▶ _Activity_:
What you return must be the lines of the data that hold the word "Women".

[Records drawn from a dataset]
++++++++++++++++++++

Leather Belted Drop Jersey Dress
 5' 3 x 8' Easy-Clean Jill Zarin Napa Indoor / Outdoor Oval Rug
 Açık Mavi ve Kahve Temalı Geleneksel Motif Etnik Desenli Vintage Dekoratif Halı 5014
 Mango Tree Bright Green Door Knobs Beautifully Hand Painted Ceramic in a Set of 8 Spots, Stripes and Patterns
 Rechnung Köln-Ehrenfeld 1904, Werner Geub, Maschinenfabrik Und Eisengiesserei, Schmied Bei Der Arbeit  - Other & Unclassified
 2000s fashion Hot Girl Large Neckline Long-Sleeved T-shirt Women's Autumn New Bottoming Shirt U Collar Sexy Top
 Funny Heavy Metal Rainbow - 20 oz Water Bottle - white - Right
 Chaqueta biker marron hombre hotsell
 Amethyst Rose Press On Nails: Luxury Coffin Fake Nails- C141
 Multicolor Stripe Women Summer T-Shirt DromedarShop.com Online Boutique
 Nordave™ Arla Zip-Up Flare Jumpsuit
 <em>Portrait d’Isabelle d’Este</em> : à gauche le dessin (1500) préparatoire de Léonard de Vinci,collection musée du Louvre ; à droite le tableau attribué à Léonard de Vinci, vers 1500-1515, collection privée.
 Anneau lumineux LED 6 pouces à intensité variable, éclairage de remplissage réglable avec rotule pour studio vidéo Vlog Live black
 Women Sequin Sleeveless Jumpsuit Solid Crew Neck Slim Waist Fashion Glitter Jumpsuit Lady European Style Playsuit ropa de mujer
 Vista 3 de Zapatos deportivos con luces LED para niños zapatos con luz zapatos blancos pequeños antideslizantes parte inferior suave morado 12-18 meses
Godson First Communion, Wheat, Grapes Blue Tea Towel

++++++++++++++++++++

▶ _Solution_:
 2000s fashion Hot Girl Large Neckline Long-Sleeved T-shirt Women's Autumn New Bottoming Shirt U Collar Sexy Top
 Multicolor Stripe Women Summer T-Shirt DromedarShop.com Online Boutique
 Women Sequin Sleeveless Jumpsuit Solid Crew Neck Slim Waist Fashion Glitter Jumpsuit Lady European Style Playsuit ropa de mujer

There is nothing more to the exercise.